● **TASK OBJECTIVE**: Your answer is to be the exact text of the lines from the one containing "Brainerd® 69213 Offset" through the final line of the entries, restated in full, with pictures omitted.

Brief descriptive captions
____

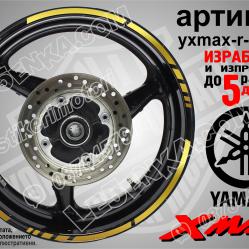 Yamaha Xmax Gold кантове за джанти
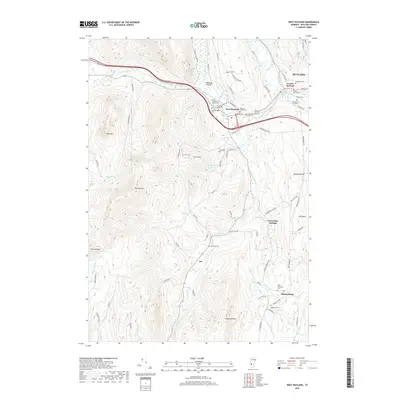 2018 Map of West Rutland, 2018 Print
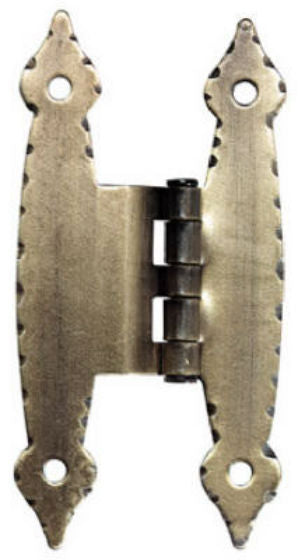 Brainerd® 69213 Offset "H" Hinge, 3/8", Antique Brass, 2-Pack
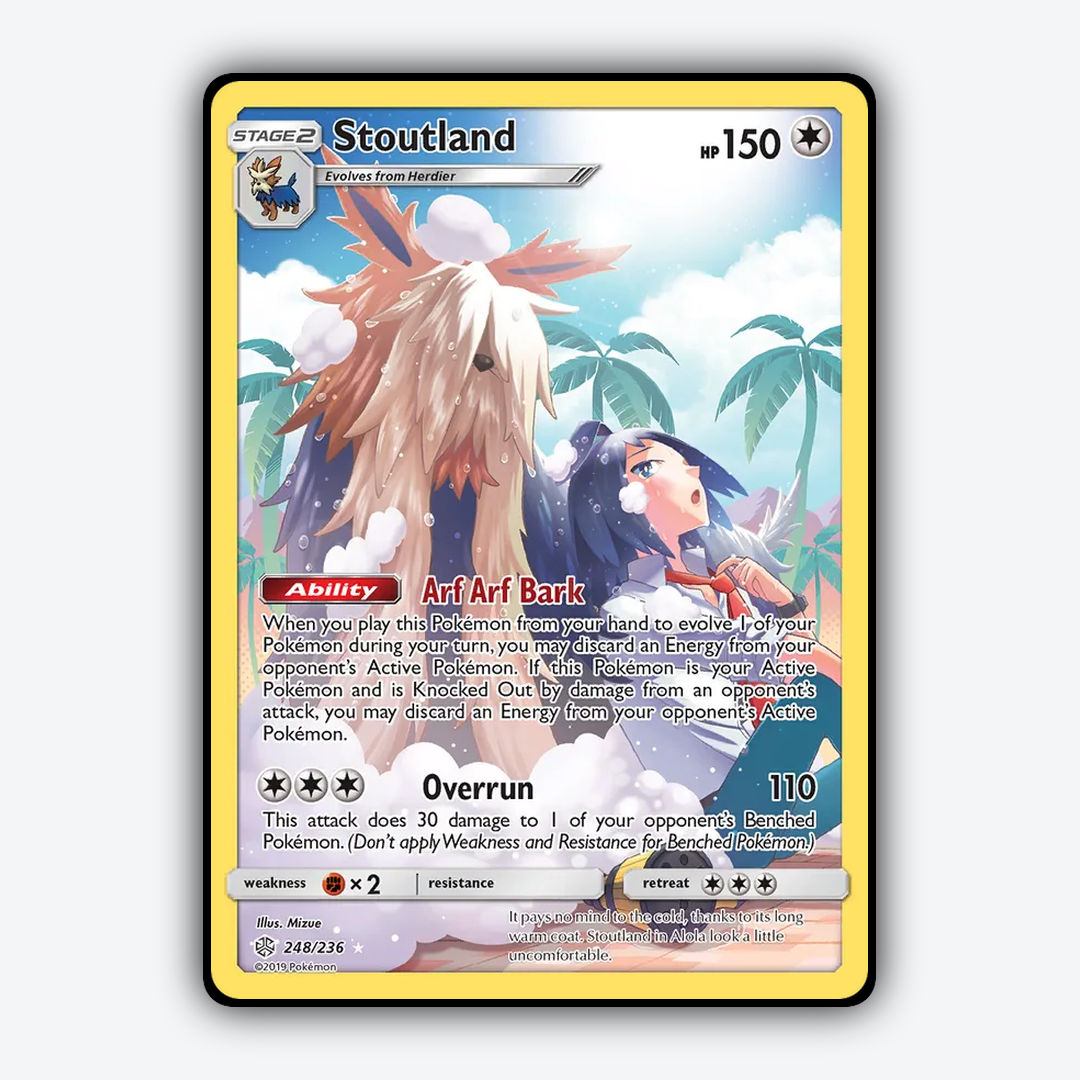 Stoutland 248/236 - Cosmic Eclipse Set - Card Rug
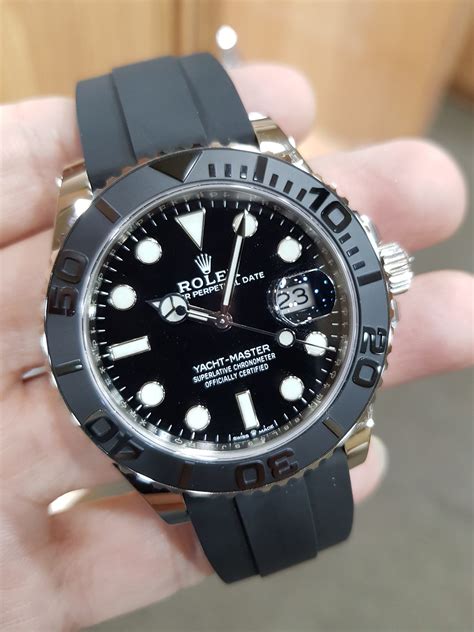 rolex yachtmaster black dial replica|rolex yacht master 2 42mm.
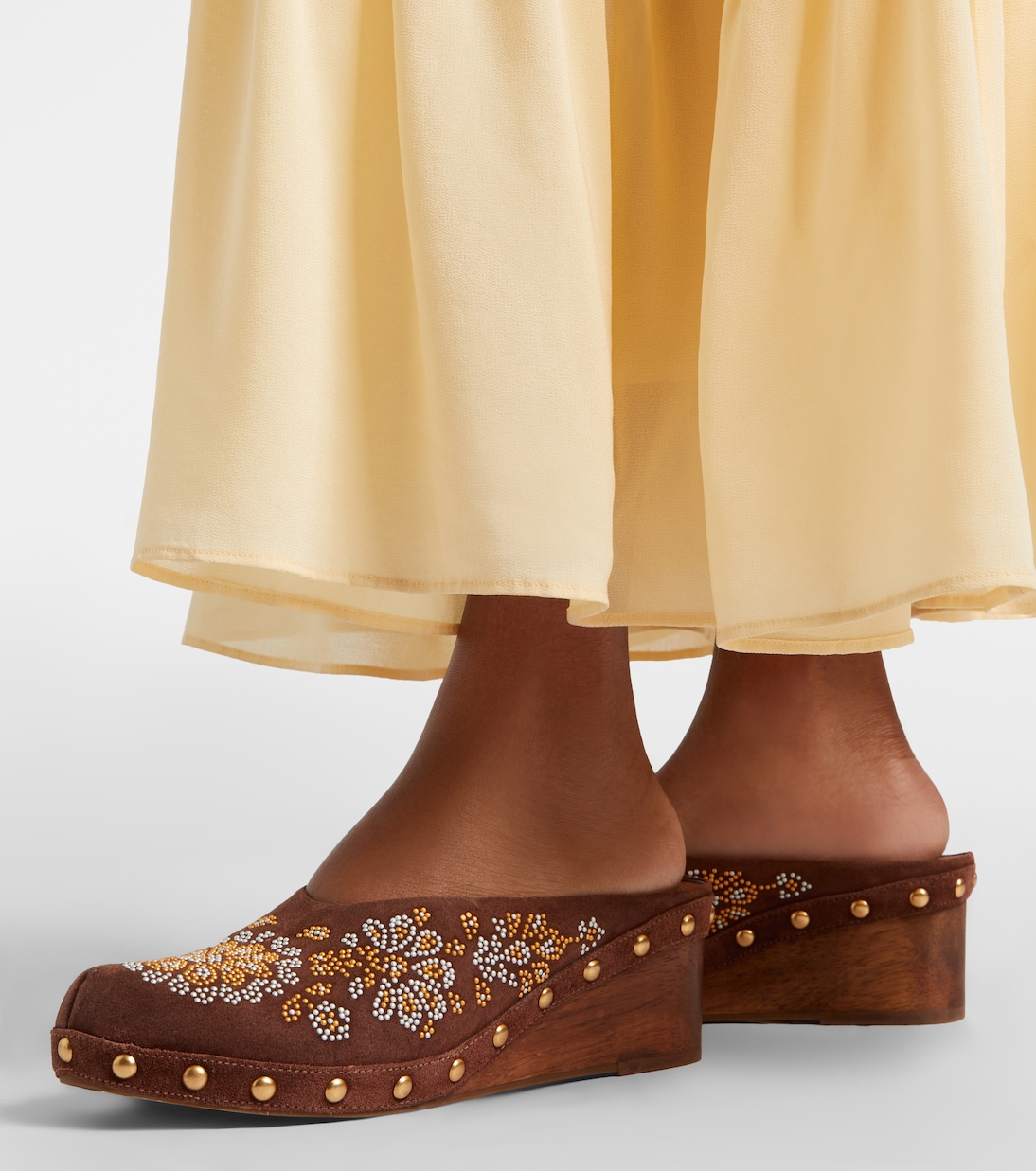 Clogs aus Veloursleder | Farm Rio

____

● **RESULT FOR THIS EXERCISE**:
 Brainerd® 69213 Offset "H" Hinge, 3/8", Antique Brass, 2-Pack
 Stoutland 248/236 - Cosmic Eclipse Set - Card Rug
 rolex yachtmaster black dial replica|rolex yacht master 2 42mm.
 Clogs aus Veloursleder | Farm Rio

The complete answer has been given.